There are a lot of weird old films that deserve to be revisited. Especially when dealing with films in despised genres, or that address themselves to despised subject matter. So I went into watching "Lust in the Dust" with an open mind.

It is transparently an attempt to do a John Waters film without John Waters. It stars Tab Hunter and Divine, who had starred opposite each other in Waters' "Polyester" just four years earlier. It was also going to feature Edith Massey, an actress previously only associated with Waters, but she died before filming and was replaced with Nedra Volz. Waters says he was approached about directing the film, but turned it down, as he only directs his own scripts.

I think he was probably being kind. The film was coproduced by Hunter and was another starring role for Divine, and Waters may not have wanted to rain on their parade. Because the script for "Lust in the Dust" is not good. It was penned by Philip John Taylor, a veteran freelance television writer who went back to writing for television. I don't know how his episodes of "Eight is Enough" or "The Incredible Hulk" were, but he was not well-matched to this material, much of which had been originated by Hunter.

The movie was directed by Paul Bartel, a Corman veteran with several genuine oddball classics to his credit, including "Death Race 2000," "Rock and Roll High School," and "Eating Raoul," which he had just directed two years earlier. Bartel was capable of both arch camp and aggressively black comedy, but his direction on this film is workmanlike. (I find a vague reference to him and Hunter not getting along on the set, but nothing more detailed.)

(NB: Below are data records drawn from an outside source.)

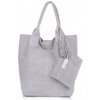 Kožené kabelka shopper bag Genuine Leather svetlo šedá 801 Kožené kabelka shopper bag Genuine Leather svetlo šedá 801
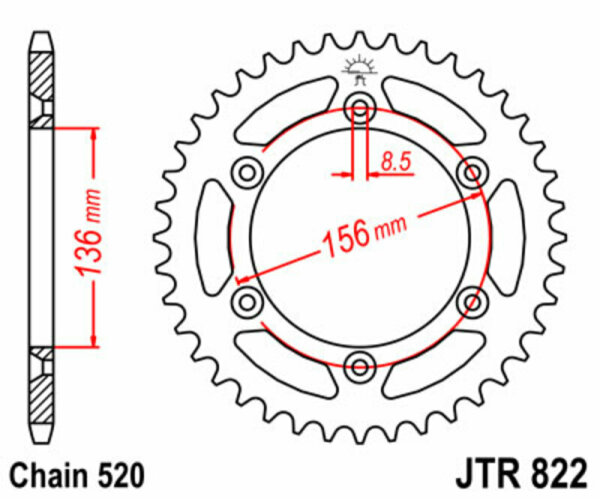 JT SPROCKETS Standard Stahlritzel hinten 822 - 520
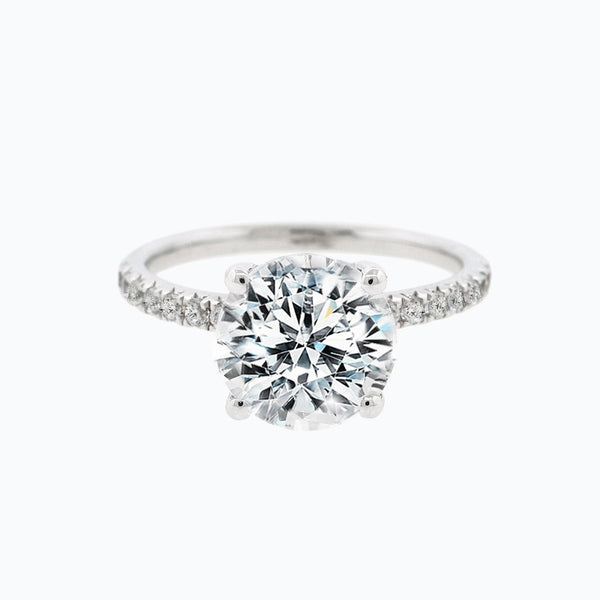 2.0 CT Round Hidden Halo CVD F/VS2 Diamond Engagement Ring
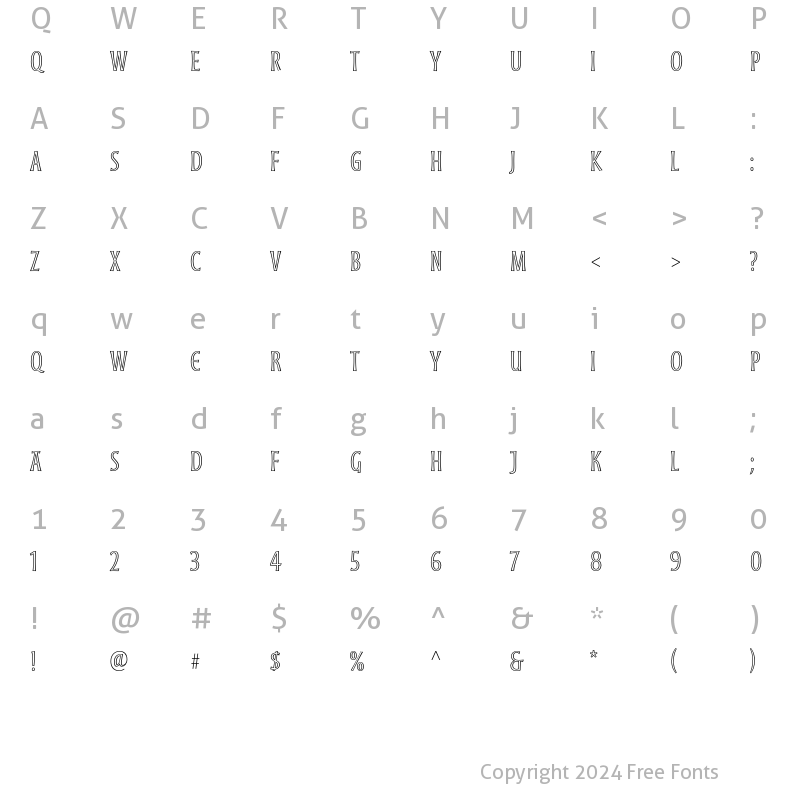 Character Map of Moonglow Light Condensed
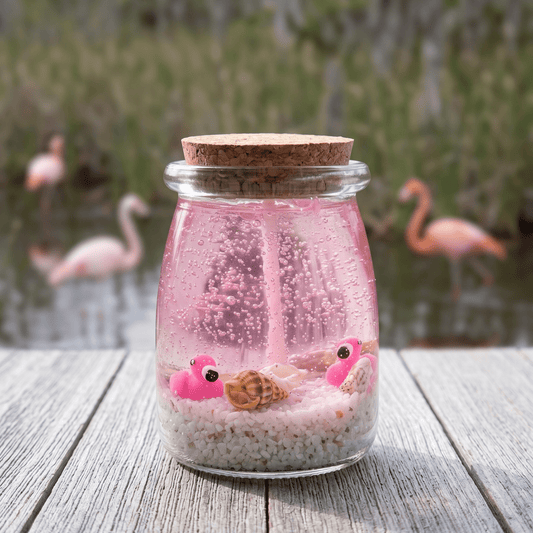 Flamingo Fantasy Bottle Candle | 6oz - Rookery Bay Ranch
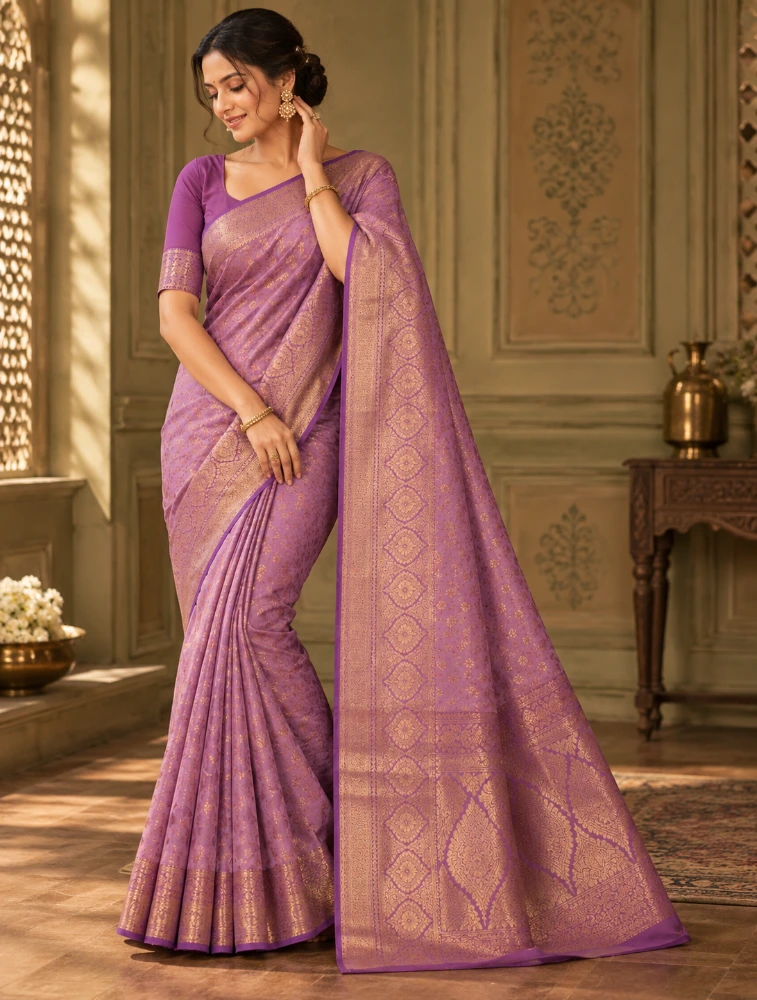Dark Plum Womens Elegant Tissue Brocade Saree with Rich Zari Border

I will say that there are people who like this film, and beside the fact that taste is subjective, there are things to like in it. Lanie Kazan is in it, and while she was often cast as an overbearing Jewish mother, here she plays a lusty saloon owner. She tears into the role with real gusto, playing the character as a sort of desert-baked Mae West, and she's terrific. Divine is unexpectedly sweet in her role; the performer was obsessed with Elizabeth Taylor and you can see it in this performance, which couples the hothouse overacting of Taylor's Tennessee Williams films with her wounded flintiness from her later roles.

The script, however, gives them a fairly generic Western plot (Roger Ebert complained about it in his original review, saying the film asks us to care about a story that we don't care about). The jokes tend to be rather tacky cocktail napkin sex jokes or the sorts of genre potshots that "Airplane" mined well; these are mined poorly. It's too bad, as, when we meet Divine, she is riding on the back of a mule, and she falls off, bursting her canteen. "My gin!" she cries out, and it's perfect.

But the next scene, in which Divine is confronted by a collection of ethnically stereotyped desperadoes, is a protracted rape joke, the sort of vaguely creepy sex jokes that used to show up in Playboy knock-offs. I will reproduce one here for the sake of specificity, although it kills me to do so. "Wait," Divine cries out. "I'm a virgin!"

"That changes things," the lead desperado says. "In that case, I will go first."

I may be paraphrasing slightly. I refuse to watch the film again to double-check the dialogue.

I wanted to like this film, because the idea of a knockoff John Waters film satirizing Spaghetti Westerns is delightfully odd. But the oddness is almost entirely in the conception; the execution is mundane, uninspired, and a little exhausting.